In just three months following CoreWeave’s market debut, CEO and co-founder Michael Intrator has seen his personal fortune soar to over $10 billion, propelled by investor enthusiasm and surging stock prices. The company, which launched one of 2025’s largest tech IPOs, raised $1.5 billion, though founders originally aimed for as much as $4 billion.
CoreWeave, an AI cloud services provider specializing in GPU-intensive infrastructure, was initially established as a crypto-mining business by Intrator and his partners Brian Venturo and Brannin McBee, following the collapse of their hedge fund. From assembling GPUs in closets to housing thousands in New Jersey data centers, the company evolved quickly, shifting to AI training and inference platforms. Early collaborations with open-source language model group EleutherAI paved their way into the AI field.
Today, CoreWeave counts tech giants Microsoft and OpenAI among its major customers. OpenAI itself committed to purchasing up to $12 billion of CoreWeave services, with about $11 billion yet to spend. Additionally, Nvidia—both a key supplier and investor—recently increased its stake in CoreWeave following the company’s initial public offering.
However, CoreWeave’s rapid growth and impressive revenues tell only part of the story. Heavy borrowing remains integral to sustaining its expansion, with the company currently carrying approximately $8.8 billion in debt, some of it with interest rates as high as 15%. Despite generating $985 million in Q1 revenue alone, it reported a net loss of $315 million for the same period.
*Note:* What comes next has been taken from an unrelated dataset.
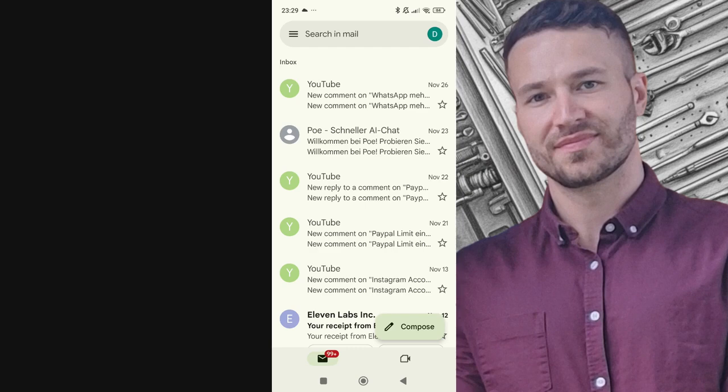To retrieve an email from the Drafts folder and send it to the inbox in Gmail is quite simple. Here's how you can do it.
The complex financial structure has yet to deter investors, who continue to push CoreWeave stock upward nearly 300% since its March IPO, turning Intrator overnight into one of the world’s wealthiest individuals. His co-founders share similarly dramatic wealth gains, each pocketing more than $150 million in cash proceeds ahead of the IPO.
CoreWeave has become emblematic of the 2025 AI landscape: enormous revenue potential, explosive market appreciation, towering growth—and an operational approach constantly dependent on securing access to Nvidia’s in-demand GPUs. The company reportedly remains ambitious in its growth strategy, even exploring an acquisition of major competitor Core Scientific, according to recent reports.
The company has not offered further comment on these developments.